[Records drawn from a dataset]

+++

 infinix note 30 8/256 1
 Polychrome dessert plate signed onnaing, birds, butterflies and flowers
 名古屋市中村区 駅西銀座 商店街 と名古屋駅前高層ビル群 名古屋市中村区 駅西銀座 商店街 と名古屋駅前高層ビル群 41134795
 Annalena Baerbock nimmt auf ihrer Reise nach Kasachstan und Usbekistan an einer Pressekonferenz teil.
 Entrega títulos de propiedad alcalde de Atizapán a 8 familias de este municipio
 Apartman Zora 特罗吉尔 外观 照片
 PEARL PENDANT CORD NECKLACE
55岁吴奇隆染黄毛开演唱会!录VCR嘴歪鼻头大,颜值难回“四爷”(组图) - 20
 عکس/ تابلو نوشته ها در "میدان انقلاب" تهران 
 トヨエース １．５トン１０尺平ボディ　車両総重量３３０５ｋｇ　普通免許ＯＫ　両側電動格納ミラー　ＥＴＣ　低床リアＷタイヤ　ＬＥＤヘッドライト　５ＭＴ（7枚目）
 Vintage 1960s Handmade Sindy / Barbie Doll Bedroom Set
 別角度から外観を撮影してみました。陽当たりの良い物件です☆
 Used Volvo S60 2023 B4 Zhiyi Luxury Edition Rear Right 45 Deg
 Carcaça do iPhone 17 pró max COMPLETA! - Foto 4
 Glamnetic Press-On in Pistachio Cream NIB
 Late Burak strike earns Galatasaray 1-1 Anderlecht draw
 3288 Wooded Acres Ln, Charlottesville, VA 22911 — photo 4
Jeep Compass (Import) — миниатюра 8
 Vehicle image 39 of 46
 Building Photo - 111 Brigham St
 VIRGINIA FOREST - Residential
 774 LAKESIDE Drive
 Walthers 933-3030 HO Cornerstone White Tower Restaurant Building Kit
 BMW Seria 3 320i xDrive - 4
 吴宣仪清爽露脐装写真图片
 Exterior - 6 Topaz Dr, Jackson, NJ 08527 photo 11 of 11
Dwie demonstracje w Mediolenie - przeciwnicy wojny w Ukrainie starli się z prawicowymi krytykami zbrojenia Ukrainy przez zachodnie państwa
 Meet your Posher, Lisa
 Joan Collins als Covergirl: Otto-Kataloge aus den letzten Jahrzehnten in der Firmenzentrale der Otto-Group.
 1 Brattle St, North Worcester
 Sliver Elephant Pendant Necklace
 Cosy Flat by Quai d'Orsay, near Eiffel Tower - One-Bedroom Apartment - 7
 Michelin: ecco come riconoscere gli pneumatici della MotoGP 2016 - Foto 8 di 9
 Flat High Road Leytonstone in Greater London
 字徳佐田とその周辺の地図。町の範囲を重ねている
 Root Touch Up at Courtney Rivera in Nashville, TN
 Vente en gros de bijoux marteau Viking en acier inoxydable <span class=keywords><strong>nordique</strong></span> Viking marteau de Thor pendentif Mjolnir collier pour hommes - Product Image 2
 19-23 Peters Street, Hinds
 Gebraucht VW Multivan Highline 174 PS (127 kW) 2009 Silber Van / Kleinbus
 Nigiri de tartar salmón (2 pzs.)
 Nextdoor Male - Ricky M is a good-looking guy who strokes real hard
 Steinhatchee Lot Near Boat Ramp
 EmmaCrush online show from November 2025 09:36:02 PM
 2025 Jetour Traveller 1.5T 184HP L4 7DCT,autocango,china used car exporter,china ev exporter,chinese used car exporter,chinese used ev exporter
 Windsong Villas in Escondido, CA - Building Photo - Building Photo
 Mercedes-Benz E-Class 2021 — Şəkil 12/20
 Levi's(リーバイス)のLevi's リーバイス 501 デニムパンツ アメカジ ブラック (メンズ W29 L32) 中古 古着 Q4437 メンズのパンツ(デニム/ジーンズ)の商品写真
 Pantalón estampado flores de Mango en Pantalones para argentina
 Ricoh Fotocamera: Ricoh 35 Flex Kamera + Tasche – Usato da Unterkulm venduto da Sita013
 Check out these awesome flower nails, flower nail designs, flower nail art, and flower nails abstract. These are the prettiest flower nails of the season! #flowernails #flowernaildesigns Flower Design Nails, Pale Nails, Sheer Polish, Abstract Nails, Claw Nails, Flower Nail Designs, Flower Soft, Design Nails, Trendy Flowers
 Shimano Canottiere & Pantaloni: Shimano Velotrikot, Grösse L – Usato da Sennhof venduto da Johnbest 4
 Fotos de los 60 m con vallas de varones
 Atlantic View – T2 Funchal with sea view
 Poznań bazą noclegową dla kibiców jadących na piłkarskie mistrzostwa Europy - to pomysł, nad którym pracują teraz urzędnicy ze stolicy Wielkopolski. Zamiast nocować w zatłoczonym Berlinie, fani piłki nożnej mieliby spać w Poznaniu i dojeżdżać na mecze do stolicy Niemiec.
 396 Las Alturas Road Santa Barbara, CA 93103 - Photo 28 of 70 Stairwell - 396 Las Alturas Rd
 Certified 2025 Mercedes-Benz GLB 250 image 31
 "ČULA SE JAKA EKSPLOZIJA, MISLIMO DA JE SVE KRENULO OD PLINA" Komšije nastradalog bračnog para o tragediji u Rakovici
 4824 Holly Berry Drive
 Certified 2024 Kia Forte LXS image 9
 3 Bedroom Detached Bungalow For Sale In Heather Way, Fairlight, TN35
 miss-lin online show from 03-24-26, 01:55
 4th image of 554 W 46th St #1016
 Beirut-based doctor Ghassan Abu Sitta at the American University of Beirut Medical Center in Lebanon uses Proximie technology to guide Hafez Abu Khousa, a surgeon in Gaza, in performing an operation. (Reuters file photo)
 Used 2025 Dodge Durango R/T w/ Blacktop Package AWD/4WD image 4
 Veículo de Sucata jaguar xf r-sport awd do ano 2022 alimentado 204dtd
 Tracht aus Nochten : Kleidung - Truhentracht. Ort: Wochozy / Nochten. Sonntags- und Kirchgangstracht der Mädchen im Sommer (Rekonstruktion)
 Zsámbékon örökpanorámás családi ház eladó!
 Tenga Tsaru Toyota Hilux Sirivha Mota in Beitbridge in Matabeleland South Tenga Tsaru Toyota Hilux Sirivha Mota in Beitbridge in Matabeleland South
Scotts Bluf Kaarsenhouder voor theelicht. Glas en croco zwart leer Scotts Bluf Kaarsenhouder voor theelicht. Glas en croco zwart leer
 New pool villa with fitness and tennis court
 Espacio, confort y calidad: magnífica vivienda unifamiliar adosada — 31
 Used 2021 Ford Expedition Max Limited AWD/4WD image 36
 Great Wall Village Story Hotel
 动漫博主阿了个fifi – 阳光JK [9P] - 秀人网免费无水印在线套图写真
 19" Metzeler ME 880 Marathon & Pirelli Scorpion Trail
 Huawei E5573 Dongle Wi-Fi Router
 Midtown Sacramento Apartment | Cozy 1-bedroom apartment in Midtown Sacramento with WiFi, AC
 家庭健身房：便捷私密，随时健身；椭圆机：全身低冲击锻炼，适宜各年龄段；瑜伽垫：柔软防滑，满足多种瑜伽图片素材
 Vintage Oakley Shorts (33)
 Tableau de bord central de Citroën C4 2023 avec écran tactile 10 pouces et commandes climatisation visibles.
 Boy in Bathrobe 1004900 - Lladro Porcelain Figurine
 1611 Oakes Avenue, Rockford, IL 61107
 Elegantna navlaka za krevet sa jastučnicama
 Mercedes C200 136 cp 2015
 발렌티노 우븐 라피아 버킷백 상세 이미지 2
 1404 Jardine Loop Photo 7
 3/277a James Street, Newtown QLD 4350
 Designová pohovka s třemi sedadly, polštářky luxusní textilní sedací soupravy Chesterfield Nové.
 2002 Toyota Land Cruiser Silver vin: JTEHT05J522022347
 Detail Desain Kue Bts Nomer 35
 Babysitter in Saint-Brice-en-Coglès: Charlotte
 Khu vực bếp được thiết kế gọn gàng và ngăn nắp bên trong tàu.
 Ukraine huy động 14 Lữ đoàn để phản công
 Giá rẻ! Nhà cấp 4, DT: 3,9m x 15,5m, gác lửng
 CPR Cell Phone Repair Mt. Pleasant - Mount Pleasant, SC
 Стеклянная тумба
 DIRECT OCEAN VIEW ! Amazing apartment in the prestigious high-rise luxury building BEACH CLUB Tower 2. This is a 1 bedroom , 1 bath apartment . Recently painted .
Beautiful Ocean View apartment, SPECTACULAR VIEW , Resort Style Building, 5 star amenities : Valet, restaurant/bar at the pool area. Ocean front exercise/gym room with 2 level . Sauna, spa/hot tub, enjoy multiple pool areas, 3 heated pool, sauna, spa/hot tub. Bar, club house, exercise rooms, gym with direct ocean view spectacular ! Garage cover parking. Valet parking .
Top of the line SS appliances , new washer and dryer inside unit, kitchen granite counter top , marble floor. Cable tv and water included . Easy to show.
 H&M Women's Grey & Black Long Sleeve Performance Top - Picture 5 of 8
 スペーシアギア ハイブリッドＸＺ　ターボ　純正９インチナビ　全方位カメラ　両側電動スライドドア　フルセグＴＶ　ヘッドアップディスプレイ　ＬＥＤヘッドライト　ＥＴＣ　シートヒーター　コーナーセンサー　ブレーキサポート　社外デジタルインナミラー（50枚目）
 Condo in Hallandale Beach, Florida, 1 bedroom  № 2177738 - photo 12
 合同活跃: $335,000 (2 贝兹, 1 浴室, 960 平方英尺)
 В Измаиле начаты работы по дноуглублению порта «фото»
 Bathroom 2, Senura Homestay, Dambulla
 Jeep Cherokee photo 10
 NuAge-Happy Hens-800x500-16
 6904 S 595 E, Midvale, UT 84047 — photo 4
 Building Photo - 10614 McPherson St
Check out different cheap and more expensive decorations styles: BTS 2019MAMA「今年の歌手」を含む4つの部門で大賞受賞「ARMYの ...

+++

» Work to be completed
Beginning at the first line of the records, give again each line exactly as written, ending with the line that contains "Glamnetic Press-On in Pistachio Cream NIB".

» Response below
 infinix note 30 8/256 1
 Polychrome dessert plate signed onnaing, birds, butterflies and flowers
 名古屋市中村区 駅西銀座 商店街 と名古屋駅前高層ビル群 名古屋市中村区 駅西銀座 商店街 と名古屋駅前高層ビル群 41134795
 Annalena Baerbock nimmt auf ihrer Reise nach Kasachstan und Usbekistan an einer Pressekonferenz teil.
 Entrega títulos de propiedad alcalde de Atizapán a 8 familias de este municipio
 Apartman Zora 特罗吉尔 外观 照片
 PEARL PENDANT CORD NECKLACE
55岁吴奇隆染黄毛开演唱会!录VCR嘴歪鼻头大,颜值难回“四爷”(组图) - 20
 عکس/ تابلو نوشته ها در "میدان انقلاب" تهران 
 トヨエース １．５トン１０尺平ボディ　車両総重量３３０５ｋｇ　普通免許ＯＫ　両側電動格納ミラー　ＥＴＣ　低床リアＷタイヤ　ＬＥＤヘッドライト　５ＭＴ（7枚目）
 Vintage 1960s Handmade Sindy / Barbie Doll Bedroom Set
 別角度から外観を撮影してみました。陽当たりの良い物件です☆
 Used Volvo S60 2023 B4 Zhiyi Luxury Edition Rear Right 45 Deg
 Carcaça do iPhone 17 pró max COMPLETA! - Foto 4
 Glamnetic Press-On in Pistachio Cream NIB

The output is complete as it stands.